- **EXERCISE**
Find the line below with "Hacienda Charrascal Coffe". Print it and every line after it exactly, through the last line, leaving out the pictures.

━━ PROVIDED ENTRIES ━━

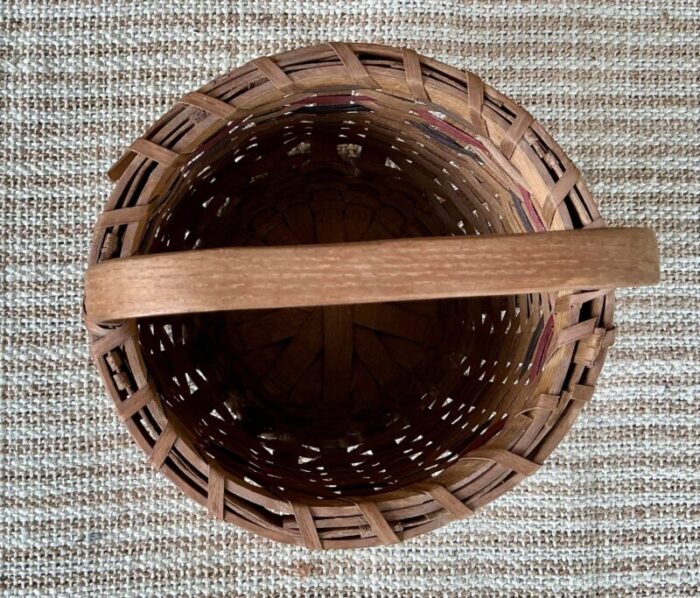 vintage nantucket style basket with wooden handle 3107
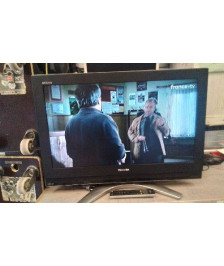 ECRAN 81CM TOSHIBA - NON HD 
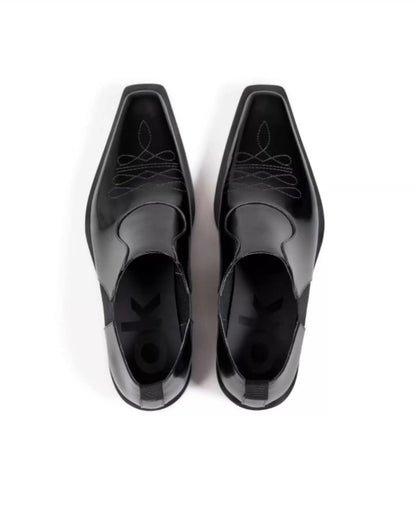 EL PASO EMBROIDERED FLOWER LOAFERS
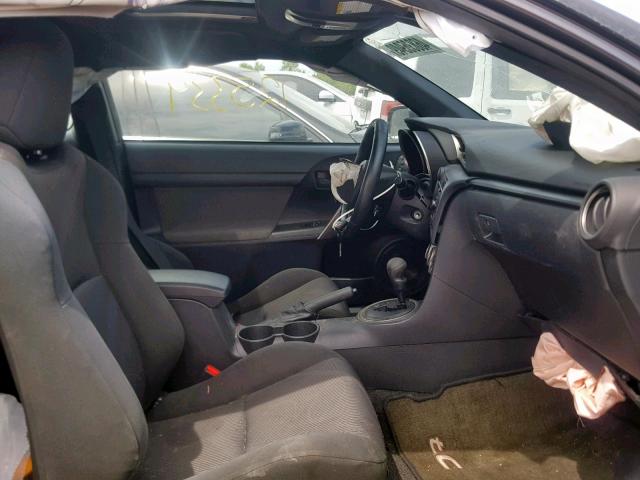JTKJF5C70C3025811 - 2012 TOYOTA SCION TC ნაცრისფერი ფოტო 5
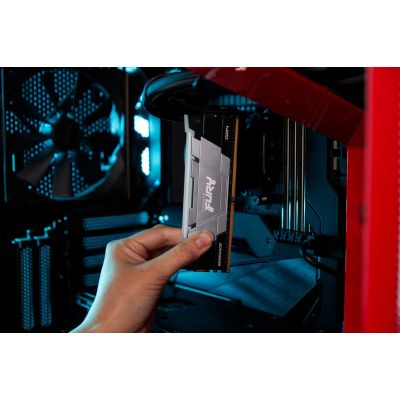 4. KINGSTON DDR4 16GB 3200MT/s CL16 DIMM FURY Renegade RGB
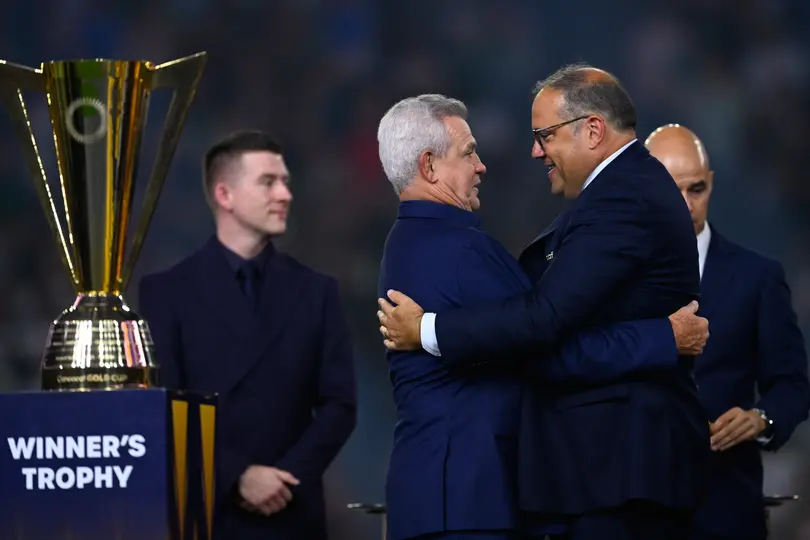 Javier Aguirre y Victor Montagliani, presidente de Concacaf, en la ceremonia de premiación de la Copa Oro 2025 | MEXSPORT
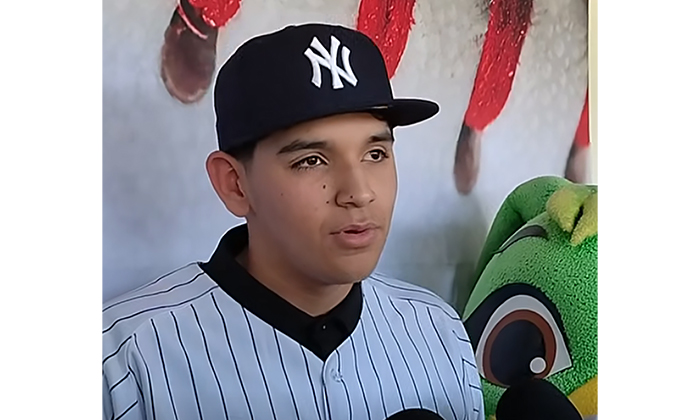 Firma pitcher hermosillense con Yanquis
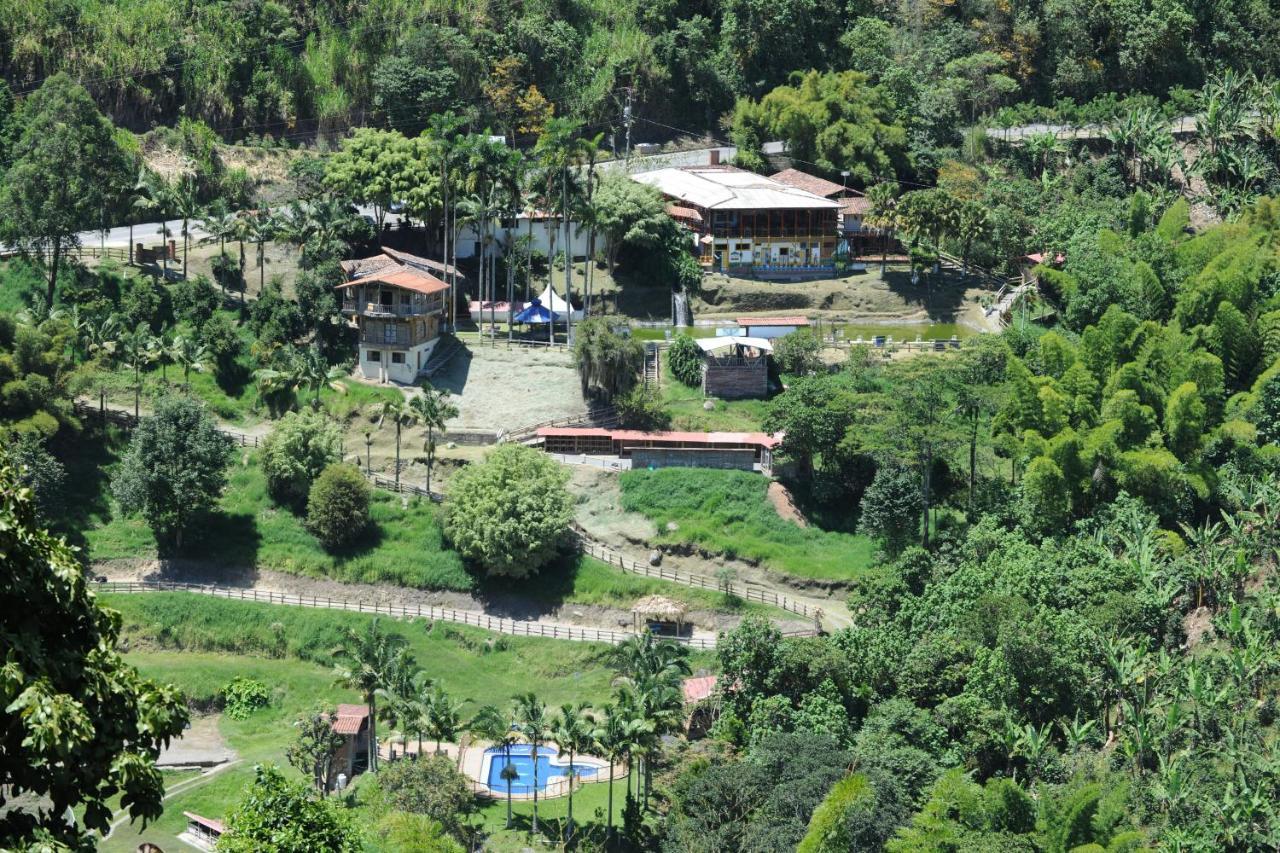 Hacienda Charrascal Coffe Farm Apartment Manizales Luaran gambar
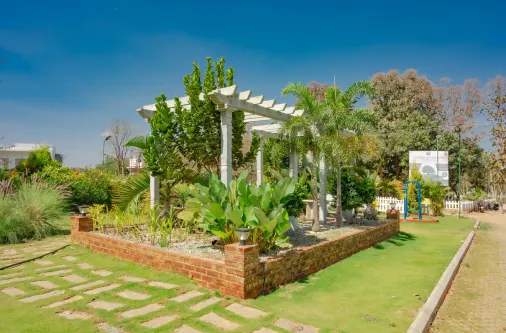 gazebo-landscaped-garden-farmland.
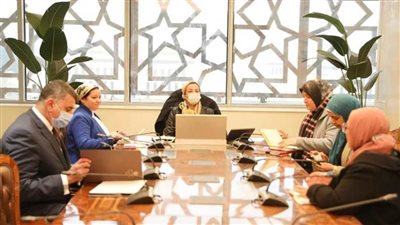 وزيرة البيئة تعقد أول اجتماع بمبنى الوزارة بالعاصمة الإدارية الجديدة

━━━

- **RESULT OF THIS EXERCISE**
 Hacienda Charrascal Coffe Farm Apartment Manizales Luaran gambar
 gazebo-landscaped-garden-farmland.
 وزيرة البيئة تعقد أول اجتماع بمبنى الوزارة بالعاصمة الإدارية الجديدة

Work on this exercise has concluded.